Reproduce the opening lines of the records exactly, up to and including the line in which "White Cross –" occurs.

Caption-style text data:
____________
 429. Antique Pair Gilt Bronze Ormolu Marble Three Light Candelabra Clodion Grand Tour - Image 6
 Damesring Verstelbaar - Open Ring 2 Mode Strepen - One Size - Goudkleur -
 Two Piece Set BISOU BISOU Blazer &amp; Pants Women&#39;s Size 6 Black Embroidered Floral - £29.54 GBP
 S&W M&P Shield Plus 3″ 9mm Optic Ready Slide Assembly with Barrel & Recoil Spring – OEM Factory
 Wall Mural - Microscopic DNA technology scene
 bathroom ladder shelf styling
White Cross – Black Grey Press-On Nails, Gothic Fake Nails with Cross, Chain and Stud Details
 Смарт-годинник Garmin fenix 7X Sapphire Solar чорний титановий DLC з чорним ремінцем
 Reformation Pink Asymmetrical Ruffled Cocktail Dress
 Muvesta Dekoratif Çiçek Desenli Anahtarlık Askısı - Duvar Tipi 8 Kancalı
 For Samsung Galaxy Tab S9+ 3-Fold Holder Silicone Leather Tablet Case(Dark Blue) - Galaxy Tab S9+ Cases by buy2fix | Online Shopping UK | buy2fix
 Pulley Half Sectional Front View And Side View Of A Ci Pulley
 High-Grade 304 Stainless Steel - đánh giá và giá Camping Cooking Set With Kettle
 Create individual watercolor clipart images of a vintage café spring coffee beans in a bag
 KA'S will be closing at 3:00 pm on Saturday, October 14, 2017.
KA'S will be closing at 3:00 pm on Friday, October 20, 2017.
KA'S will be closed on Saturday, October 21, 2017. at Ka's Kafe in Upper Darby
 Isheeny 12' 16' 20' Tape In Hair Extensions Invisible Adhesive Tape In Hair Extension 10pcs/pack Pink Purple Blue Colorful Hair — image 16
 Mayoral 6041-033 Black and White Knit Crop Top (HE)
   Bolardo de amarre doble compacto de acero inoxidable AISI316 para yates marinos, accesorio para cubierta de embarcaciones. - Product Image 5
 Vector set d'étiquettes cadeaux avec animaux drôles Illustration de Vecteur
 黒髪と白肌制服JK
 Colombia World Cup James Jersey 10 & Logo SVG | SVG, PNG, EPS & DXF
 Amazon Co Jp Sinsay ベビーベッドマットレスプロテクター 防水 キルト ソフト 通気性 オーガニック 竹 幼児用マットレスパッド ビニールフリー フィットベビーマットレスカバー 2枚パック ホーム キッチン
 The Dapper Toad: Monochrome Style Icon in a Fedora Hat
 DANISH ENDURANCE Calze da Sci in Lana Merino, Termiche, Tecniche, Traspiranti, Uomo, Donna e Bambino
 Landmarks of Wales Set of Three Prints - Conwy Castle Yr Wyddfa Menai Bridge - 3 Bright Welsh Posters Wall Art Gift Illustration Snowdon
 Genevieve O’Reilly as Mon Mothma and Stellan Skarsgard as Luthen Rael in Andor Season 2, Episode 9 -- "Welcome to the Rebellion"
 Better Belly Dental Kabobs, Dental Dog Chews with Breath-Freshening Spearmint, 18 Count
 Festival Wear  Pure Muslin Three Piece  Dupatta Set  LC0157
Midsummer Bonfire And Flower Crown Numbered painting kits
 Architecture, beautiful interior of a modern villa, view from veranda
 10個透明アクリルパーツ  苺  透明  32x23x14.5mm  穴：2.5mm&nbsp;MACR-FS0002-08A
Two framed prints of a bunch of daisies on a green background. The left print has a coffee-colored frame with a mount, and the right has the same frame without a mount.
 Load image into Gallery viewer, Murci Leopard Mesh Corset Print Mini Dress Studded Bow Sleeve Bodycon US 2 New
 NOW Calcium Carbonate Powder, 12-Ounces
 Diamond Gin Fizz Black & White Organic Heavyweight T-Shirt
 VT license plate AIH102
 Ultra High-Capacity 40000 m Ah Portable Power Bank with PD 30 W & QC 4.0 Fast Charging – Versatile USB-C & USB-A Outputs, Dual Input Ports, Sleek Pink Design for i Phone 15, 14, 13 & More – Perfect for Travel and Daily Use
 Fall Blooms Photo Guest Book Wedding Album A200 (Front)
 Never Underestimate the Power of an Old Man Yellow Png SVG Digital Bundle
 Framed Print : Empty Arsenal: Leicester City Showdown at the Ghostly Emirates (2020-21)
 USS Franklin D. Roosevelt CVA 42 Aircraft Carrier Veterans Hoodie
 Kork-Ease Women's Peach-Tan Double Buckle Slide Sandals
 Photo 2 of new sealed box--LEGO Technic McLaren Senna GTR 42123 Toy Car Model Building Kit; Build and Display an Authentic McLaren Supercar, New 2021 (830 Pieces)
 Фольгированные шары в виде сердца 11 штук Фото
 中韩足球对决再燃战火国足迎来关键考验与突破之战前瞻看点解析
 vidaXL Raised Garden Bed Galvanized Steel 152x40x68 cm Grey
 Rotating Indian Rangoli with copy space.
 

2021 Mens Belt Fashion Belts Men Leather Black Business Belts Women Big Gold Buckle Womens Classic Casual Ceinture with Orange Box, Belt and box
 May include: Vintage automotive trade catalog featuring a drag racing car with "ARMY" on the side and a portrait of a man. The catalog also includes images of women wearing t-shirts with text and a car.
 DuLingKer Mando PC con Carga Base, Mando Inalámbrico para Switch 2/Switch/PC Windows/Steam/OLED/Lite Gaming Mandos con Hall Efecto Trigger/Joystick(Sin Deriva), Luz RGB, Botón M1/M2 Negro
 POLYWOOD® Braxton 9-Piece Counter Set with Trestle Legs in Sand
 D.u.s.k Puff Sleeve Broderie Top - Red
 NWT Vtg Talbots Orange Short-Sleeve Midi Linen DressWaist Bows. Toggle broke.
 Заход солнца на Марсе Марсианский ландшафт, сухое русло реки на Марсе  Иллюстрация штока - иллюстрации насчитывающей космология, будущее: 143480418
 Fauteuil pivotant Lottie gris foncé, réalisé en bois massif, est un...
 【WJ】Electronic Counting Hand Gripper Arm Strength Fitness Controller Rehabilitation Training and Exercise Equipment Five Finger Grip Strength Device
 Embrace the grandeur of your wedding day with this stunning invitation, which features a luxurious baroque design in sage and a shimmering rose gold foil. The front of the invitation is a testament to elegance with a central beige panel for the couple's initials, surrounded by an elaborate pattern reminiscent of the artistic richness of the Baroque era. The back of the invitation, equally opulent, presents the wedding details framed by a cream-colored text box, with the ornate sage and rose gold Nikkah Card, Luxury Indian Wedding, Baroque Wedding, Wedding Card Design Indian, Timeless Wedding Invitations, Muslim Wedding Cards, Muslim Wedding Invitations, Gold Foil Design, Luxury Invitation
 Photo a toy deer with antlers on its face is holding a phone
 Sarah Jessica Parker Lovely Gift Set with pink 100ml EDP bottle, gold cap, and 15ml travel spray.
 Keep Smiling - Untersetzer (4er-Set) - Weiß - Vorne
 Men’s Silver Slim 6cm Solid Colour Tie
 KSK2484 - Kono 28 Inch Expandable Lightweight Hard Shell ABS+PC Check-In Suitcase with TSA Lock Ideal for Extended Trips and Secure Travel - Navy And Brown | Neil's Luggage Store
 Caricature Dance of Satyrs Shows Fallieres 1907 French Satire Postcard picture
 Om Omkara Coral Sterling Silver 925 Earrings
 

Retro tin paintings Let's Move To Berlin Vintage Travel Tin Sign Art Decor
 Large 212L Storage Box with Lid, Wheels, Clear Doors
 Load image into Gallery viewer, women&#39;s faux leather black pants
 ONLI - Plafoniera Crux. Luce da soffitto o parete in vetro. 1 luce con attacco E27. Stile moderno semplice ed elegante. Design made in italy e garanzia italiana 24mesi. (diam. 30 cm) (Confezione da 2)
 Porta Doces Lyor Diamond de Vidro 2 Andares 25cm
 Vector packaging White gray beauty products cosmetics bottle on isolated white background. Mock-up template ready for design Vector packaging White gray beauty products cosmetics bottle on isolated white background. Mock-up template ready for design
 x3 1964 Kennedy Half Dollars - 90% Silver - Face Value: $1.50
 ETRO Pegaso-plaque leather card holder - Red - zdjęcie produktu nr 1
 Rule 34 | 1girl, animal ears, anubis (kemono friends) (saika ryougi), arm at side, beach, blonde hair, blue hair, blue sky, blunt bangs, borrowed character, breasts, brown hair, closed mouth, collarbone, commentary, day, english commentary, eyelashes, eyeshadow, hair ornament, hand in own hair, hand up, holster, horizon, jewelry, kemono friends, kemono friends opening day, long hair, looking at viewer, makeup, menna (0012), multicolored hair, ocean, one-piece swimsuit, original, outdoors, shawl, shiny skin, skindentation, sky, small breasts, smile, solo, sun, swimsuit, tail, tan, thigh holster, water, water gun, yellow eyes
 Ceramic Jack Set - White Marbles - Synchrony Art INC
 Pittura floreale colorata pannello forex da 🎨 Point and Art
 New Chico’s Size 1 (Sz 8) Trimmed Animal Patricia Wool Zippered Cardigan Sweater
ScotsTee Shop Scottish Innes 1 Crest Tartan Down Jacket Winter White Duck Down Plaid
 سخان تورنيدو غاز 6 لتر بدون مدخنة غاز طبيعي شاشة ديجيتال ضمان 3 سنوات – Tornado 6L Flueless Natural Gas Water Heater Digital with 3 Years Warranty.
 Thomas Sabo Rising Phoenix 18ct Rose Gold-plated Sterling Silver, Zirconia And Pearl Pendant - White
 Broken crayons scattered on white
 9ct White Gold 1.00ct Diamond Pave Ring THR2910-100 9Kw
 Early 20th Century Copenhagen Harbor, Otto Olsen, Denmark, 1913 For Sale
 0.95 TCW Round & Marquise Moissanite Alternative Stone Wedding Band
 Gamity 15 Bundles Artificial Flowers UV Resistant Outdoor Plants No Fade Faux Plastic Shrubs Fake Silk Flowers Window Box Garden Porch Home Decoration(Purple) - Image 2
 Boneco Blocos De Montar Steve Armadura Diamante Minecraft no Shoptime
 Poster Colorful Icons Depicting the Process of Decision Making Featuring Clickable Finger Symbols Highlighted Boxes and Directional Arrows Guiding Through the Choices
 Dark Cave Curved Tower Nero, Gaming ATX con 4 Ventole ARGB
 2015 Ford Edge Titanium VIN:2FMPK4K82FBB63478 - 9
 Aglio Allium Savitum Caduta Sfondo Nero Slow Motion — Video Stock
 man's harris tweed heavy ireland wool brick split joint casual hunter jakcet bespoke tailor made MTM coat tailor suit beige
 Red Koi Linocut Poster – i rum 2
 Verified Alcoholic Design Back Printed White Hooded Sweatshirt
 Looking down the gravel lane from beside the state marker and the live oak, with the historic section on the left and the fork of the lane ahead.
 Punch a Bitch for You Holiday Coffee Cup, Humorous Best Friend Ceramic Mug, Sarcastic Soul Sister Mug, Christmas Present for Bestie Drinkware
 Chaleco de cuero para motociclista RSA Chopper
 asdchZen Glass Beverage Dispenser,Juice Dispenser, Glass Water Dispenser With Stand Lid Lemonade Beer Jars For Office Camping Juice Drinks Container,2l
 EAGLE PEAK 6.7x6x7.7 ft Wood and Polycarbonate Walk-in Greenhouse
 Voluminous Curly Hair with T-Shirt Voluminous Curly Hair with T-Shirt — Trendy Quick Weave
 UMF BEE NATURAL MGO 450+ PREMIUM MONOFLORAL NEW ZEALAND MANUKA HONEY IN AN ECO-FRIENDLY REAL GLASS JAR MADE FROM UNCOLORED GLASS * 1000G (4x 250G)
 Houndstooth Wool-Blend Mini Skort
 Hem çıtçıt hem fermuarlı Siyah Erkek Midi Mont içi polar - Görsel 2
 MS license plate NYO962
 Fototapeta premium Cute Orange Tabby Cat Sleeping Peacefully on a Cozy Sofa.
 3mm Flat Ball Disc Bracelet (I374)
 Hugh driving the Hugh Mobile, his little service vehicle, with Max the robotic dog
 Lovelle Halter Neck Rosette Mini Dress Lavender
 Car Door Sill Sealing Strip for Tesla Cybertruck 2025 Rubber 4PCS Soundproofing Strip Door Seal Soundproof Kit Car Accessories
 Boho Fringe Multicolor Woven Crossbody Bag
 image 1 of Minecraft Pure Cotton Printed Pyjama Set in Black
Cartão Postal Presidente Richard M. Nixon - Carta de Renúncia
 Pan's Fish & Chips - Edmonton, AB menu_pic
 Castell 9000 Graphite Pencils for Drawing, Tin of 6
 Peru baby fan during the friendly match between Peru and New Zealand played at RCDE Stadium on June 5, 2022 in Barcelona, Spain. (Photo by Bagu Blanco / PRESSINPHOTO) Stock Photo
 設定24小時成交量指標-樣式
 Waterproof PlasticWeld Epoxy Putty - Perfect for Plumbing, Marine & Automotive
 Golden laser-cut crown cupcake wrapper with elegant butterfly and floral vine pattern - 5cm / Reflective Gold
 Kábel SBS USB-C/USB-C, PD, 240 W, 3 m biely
____________
Problem solution:
 429. Antique Pair Gilt Bronze Ormolu Marble Three Light Candelabra Clodion Grand Tour - Image 6
 Damesring Verstelbaar - Open Ring 2 Mode Strepen - One Size - Goudkleur -
 Two Piece Set BISOU BISOU Blazer &amp; Pants Women&#39;s Size 6 Black Embroidered Floral - £29.54 GBP
 S&W M&P Shield Plus 3″ 9mm Optic Ready Slide Assembly with Barrel & Recoil Spring – OEM Factory
 Wall Mural - Microscopic DNA technology scene
 bathroom ladder shelf styling
White Cross – Black Grey Press-On Nails, Gothic Fake Nails with Cross, Chain and Stud Details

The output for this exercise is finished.